Task »
Repeat only the stretch of lines below that runs from the line with "2x Barcrest Oldtimer" through the line with "2024 Porsche 718 Cayman", unaltered.

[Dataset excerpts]

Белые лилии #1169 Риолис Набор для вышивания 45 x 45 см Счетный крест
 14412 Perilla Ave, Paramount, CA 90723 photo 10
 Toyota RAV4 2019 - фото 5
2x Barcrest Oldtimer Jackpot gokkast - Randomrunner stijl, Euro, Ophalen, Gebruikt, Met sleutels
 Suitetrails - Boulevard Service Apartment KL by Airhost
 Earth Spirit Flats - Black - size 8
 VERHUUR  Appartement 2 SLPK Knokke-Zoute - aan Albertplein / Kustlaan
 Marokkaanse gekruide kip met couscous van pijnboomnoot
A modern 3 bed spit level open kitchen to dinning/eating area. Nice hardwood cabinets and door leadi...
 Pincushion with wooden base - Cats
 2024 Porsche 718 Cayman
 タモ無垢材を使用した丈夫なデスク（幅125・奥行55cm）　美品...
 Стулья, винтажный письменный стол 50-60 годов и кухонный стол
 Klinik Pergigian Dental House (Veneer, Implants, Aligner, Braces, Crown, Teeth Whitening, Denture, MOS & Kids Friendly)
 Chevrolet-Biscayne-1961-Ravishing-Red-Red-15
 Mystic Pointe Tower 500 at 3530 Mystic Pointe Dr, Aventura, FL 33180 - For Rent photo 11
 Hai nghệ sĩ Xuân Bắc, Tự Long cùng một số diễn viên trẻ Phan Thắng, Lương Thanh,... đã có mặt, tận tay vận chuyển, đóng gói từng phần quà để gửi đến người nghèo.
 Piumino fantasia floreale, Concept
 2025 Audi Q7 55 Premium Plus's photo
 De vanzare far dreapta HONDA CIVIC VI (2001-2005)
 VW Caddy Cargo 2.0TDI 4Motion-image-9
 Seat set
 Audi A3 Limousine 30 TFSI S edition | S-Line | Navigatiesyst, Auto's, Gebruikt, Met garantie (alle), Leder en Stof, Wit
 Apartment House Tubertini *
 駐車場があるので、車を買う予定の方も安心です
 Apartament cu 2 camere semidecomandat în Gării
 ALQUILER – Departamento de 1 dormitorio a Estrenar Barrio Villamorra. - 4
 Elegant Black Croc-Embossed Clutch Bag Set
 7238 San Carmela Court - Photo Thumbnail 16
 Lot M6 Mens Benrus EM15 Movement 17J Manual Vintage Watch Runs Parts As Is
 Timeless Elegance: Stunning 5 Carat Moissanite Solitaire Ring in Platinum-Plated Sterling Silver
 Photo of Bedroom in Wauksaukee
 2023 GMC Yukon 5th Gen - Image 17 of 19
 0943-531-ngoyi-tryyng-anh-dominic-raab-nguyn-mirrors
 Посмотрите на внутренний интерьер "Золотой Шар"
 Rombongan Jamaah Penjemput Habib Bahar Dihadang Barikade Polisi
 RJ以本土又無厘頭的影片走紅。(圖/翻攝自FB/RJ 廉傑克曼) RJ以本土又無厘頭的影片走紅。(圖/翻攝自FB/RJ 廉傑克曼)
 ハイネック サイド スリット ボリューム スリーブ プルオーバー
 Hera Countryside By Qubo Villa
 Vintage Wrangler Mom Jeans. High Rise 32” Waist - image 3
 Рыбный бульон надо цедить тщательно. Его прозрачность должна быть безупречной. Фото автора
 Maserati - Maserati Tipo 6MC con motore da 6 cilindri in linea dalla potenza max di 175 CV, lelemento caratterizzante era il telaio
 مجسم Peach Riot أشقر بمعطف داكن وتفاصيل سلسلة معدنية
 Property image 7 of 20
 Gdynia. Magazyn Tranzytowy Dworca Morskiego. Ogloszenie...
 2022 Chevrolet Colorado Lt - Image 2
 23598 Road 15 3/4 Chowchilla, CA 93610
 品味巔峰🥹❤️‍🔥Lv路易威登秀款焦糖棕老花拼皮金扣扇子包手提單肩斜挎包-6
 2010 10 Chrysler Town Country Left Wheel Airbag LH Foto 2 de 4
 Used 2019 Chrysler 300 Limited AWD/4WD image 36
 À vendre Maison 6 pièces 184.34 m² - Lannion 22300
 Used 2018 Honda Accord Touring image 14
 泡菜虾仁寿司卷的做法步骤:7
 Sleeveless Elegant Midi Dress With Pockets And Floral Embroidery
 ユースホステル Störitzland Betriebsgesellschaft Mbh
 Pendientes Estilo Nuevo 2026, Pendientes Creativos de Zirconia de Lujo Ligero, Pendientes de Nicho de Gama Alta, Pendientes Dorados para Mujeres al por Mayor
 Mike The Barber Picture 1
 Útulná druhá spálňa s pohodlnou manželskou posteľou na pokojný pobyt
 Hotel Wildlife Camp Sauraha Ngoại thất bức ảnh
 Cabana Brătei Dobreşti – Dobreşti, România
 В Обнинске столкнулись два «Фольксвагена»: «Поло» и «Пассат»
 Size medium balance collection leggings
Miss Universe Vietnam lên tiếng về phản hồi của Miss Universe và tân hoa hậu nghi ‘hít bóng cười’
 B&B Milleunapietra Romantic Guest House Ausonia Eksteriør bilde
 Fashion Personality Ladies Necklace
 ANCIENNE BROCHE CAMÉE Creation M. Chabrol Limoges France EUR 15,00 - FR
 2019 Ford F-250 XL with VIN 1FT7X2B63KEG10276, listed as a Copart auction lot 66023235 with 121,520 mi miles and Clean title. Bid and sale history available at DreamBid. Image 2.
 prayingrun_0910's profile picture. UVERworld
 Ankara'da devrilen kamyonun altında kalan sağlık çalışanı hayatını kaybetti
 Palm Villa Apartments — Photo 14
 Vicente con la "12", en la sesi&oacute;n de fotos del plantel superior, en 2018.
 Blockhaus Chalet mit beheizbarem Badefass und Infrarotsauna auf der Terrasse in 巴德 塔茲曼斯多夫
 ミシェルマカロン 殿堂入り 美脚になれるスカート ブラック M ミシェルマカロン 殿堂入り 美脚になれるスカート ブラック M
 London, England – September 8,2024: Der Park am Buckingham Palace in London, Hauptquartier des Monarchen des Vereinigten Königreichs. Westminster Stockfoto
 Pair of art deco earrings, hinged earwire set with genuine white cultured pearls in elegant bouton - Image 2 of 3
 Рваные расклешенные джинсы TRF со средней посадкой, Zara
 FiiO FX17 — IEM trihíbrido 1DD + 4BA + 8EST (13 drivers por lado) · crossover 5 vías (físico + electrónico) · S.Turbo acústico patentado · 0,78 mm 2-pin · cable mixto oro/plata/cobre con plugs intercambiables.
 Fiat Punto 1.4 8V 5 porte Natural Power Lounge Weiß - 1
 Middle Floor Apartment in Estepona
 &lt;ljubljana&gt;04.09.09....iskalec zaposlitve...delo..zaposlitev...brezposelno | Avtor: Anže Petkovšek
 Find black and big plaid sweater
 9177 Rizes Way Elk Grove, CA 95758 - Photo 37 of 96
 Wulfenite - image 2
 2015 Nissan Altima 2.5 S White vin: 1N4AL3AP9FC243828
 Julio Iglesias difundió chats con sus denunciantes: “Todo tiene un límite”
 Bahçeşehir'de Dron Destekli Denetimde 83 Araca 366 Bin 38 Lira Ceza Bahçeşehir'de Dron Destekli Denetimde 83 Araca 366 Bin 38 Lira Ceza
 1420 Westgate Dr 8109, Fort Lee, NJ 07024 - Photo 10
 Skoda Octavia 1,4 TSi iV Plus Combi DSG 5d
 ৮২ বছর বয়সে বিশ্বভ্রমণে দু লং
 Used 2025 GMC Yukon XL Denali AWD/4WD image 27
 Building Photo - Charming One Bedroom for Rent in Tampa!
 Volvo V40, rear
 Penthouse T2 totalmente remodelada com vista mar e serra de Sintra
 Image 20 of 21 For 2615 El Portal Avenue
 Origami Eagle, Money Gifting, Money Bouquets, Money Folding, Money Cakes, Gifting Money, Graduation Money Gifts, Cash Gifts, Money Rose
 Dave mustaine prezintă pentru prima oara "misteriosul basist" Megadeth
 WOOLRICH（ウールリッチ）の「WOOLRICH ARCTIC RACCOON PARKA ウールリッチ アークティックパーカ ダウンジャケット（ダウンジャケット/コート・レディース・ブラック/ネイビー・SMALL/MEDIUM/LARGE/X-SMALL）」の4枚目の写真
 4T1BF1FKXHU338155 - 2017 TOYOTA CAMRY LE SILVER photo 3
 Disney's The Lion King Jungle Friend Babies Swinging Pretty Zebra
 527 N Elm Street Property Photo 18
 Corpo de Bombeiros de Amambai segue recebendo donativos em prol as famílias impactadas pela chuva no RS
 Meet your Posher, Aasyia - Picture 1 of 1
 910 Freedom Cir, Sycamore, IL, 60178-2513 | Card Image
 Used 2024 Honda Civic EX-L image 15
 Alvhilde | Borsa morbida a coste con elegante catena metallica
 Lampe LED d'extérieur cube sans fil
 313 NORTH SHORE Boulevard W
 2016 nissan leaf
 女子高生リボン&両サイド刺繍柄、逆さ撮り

Result of the task »
2x Barcrest Oldtimer Jackpot gokkast - Randomrunner stijl, Euro, Ophalen, Gebruikt, Met sleutels
 Suitetrails - Boulevard Service Apartment KL by Airhost
 Earth Spirit Flats - Black - size 8
 VERHUUR  Appartement 2 SLPK Knokke-Zoute - aan Albertplein / Kustlaan
 Marokkaanse gekruide kip met couscous van pijnboomnoot
A modern 3 bed spit level open kitchen to dinning/eating area. Nice hardwood cabinets and door leadi...
 Pincushion with wooden base - Cats
 2024 Porsche 718 Cayman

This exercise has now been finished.